Ve insan yaşlandıkça arzularını besler, gençleştirir. Biriktirdikçe hayata olan bağlarını artırır. Öyle bağlanır ki hayata, bir gün bu diyardan göçüp gideceği fikri zamanla aklından silinir gider… 

İnsanoğlu tüketmeye de çok meraklıdır. Biriktirdiği paranın, eşyanın, malın mülkün yanında zaman tüketir, söz tüketir… Benlik biriktirirken, benliğini tüketir…

Sofraya koyabildiğimiz bir bardak çaya, zeytine, ekmeğe ulaşabilmenin bir zenginlik olduğunu ne zaman fark edeceğiz?

Doldurabildiği bir cüzdanı olmasa da, bir evi muhabbetle, kanaatle dolduran bir kadının, akşamları evine gelen, ekmek getiren eşine, ‘eline sağlık’ diyen bir erkeğin, iman dolu bir yüreğin zenginlik olduğunu ne zaman anlayacağız?

Hepimiz gören bir gözü, tutan bir eli, yürüyen bir ayağı satın alamayacak ve kaybedince tekrar sâhip olamayacak kadar fakiriz…

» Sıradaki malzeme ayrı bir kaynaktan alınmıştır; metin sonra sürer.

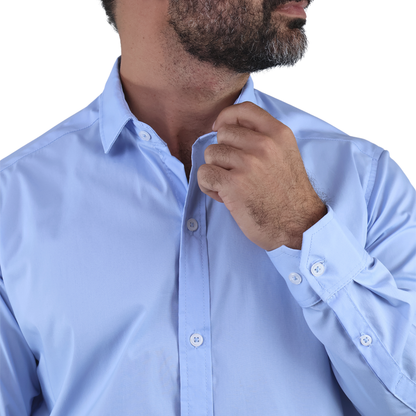 Camisa de Vestir Moda Manga Larga Slim Fit Azul Para Hombre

 Aldığı maaşı yetiremeyenlere, modayı tâkip edemeyenlere, evini beğenmeyenlere, mekânı dar bulanlara, daha çok para için, hesabı daha fazla kabartmak için çırpınanlara da yeter toprağın altı. İhtiraslarımız, bitip tükenmeyen arzularımız için, sâdece az bir toprağa ihtiyaç var.